NFL commissioner Roger Goodell is hoping to reach a compromise with the players' union on rookie salaries. (Dennis Cook/Associated PressNFL Commissioner Roger Goodell said it's "ridiculous" to reward untested rookies with lucrative contracts and wants the issue addressed in contract talks.
"There's something wrong about the system," Goodell said Friday. "The money should go to people who perform."
Goodell made his comments during a question-and-answer period at the end of a week-long sports symposium at the Chautauqua Institution.
Goodell referred to Michigan tackle Jake Long's five-year, $57.75-million US contract — with $30 million guaranteed. Long was the first overall draft pick by the Miami Dolphins in April.
"He doesn't have to play a down in the NFL and he already has his money," Goodell said. "Now, with the economics where they are, the consequences if you don't evaluate that player, you can lose a significant amount of money.
"And that money is not going to players that are performing.

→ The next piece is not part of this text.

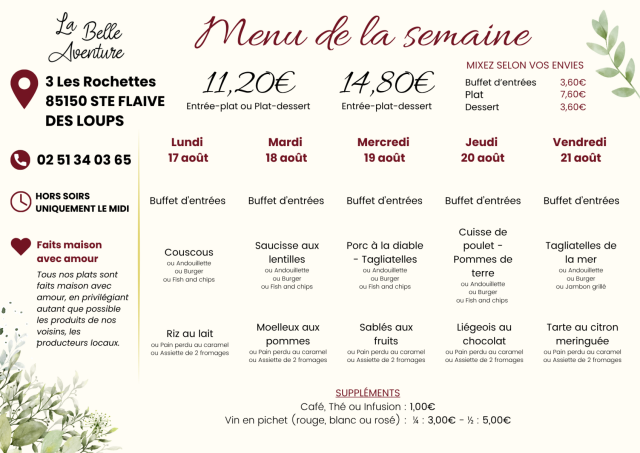 Du 17 au 21 ao�t 2026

It's going to a player that never makes it in the NFL. And I think that's ridiculous."
Goodell said he favours lowering salaries offered to rookies, but allowing a provision for those players to renegotiate their deals after proving themselves on the field.

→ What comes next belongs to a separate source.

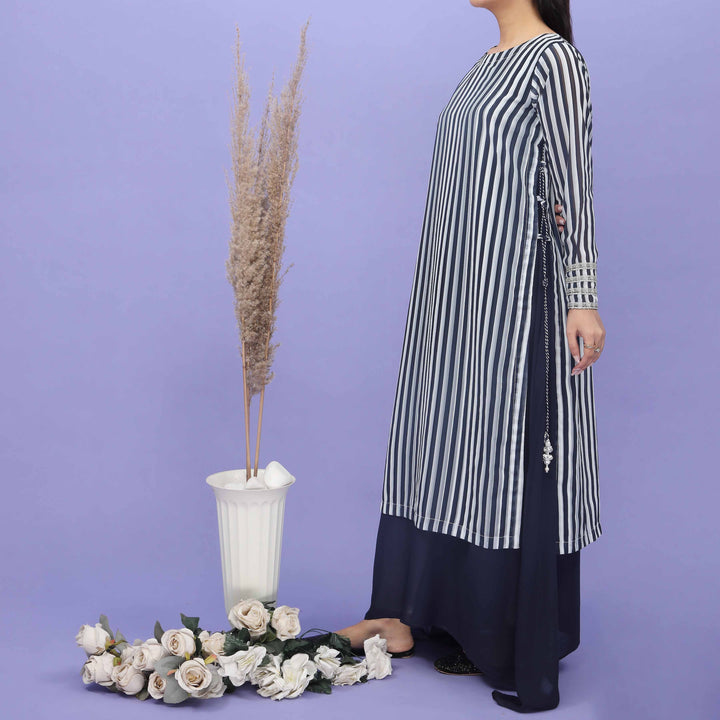 Blue Crinkle Chiffon Stripes Shirt PS5019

His statement was greeted by a long round of applause from the estimated crowd of 2,000 inside the amphitheatre.
Speaking to reporters before his appearance, Goodell said he plans to open negotiations with the players' union on a revamped labour deal this fall. He's listened to concerns from all 32 owners in meetings over the past month.
Goodell said the key need is to have the NFL Players' Association appreciate the financial challenges owners face with rising stadium construction costs and a faltering economy. Those issues were not anticipated in the previous collective bargaining agreement, which provided players a 60 per cent share of the league's gross revenues.
"As our costs increase outside of player costs, that other 40 per cent … squeezes the margins and just makes it financially unworkable," Goodell said. "There has to be some more recognition of the costs."
League owners voted unanimously in May to opt out of the CBA that was signed in spring 2006. The decision to opt out maintains labour peace through 2011, but will result in changes regarding the NFL's salary cap and contract signings if a new deal is not signed by March 2009.
Goodell acknowledged the NFL and its owners failed to foresee the economic issues that would face the league when the last CBA was approved.
"There have been some things that none of us could've envisioned," Goodell said. "You have an economy that's weakening. You have aspects of the deal that we didn't realize, that we were going to be building billion-dollar stadiums. … Things happen. I don't look back at it as a mistake. I look back at it as what do we need to do going forward?"